- Open Access
- Total Downloads : 8
- Authors : Ms. Poornamma, Mr. Ajay Pinto
- Paper ID : IJERTCONV3IS19021
- Volume & Issue : ICESMART – 2015 (Volume 3 – Issue 19)
- Published (First Online): 24-04-2018
- ISSN (Online) : 2278-0181
- Publisher Name : IJERT
- License: This work is licensed under a Creative Commons Attribution 4.0 International License
A New Approach for Copyright Authentication for Image Communication
Ms. Poornamma Mr. Ajay Pinto
Dept,of ECE Asst prof. Dept of E&C
Mangalore Instution Of Technology & Engineering Mangalore Instution Of Technology&Engineering Moodbidri,Mangalore,India Moodbidri,Mangalore,India
AbstractThe expansion of digital multimedia communication the uses of data such as image audio and video has been increased. In this type communication there are some security issues. For secure communication digital watermarking has been adapted. In other watermarking algorithms first the host image to be transformed after that embedding the watermark takes place. Digital images which are uncompressed take lot of storage and bandwidth for transmission, so it requires compression for transmission. These methods are complex. Here we are proposing a digital watermarking by transform based DCT-DWT algorithm .

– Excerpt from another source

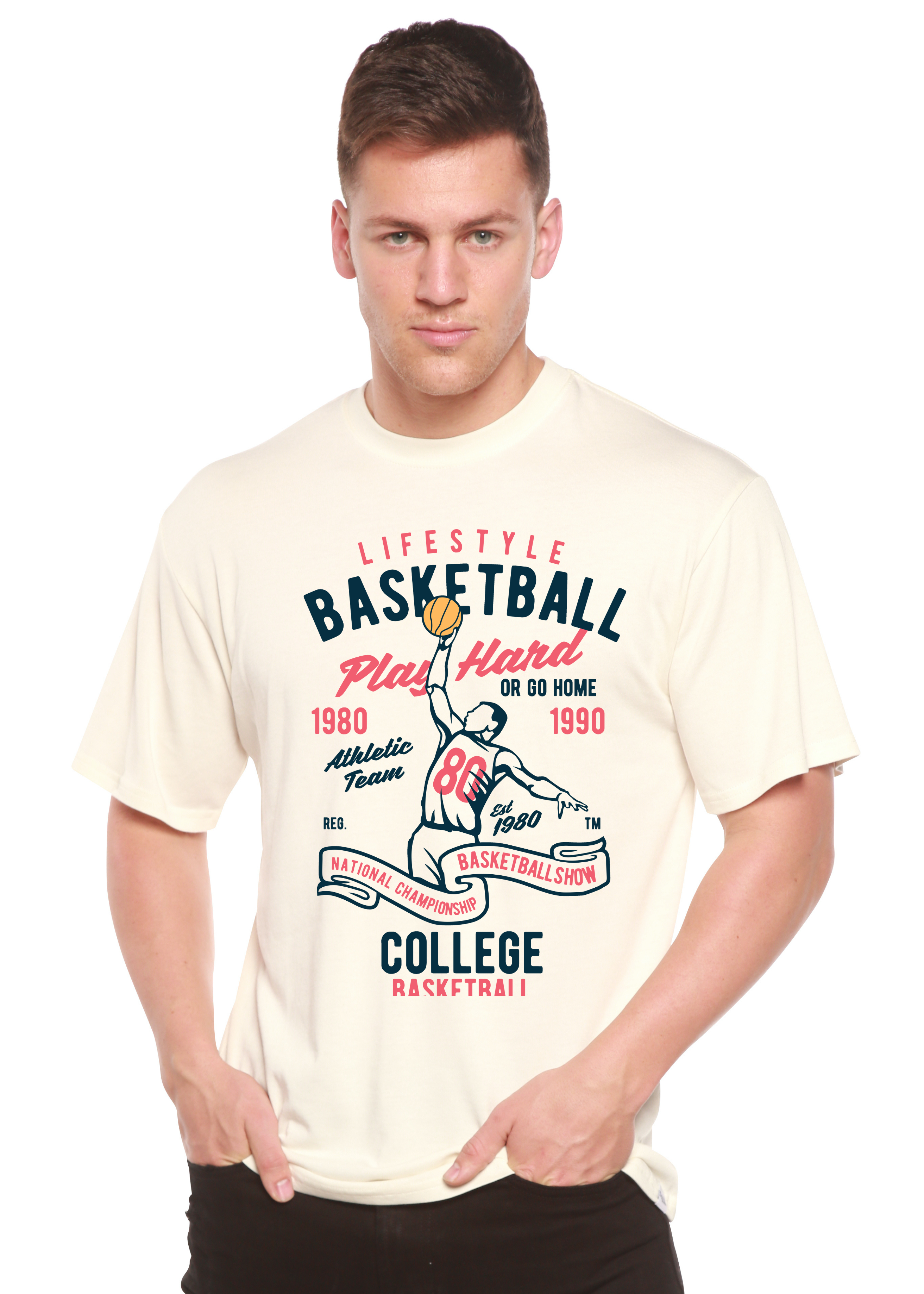 Life Style Basketball Men's Bamboo Viscose/Organic Cotton Short Sleeve Graphic T-Shirt by Spun Bamboo – primary product view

Keywords: Digital Watermarking Discrete Cosine Transform, Discrete Wavelet Transform, Communication Channel
Since, Computer and Internet make the world become digitization because the security issues arise for the secure communication. Digital watermarking is a technique to embed the data for communication. After embedding the watermark the specific algorithm is applied. Here we applied proposed transform based on DCT-DWT watermarking technique. Once the watermark being inserted into original image; the quality of original image would be changed. The watermark may be in text, image, audio or video form. This watermark inserted image to be transmitted over any communication channel. The noise of the channel can affect the watermarked image, so the watermark extraction process has to be robust for all type of attacks . Attack doesnt mean to destroy the watermark but system performance can be degraded because of attacks. To enhance the system performance we proposed DCT-DWT based watermarking.
The use of digitally formatted image and video formation is rapidly increasing with the development of multimedia broadcasting, network databases and electronic publishing. This evolution provides many advantages as easy, fast and inexpensive duplication of products.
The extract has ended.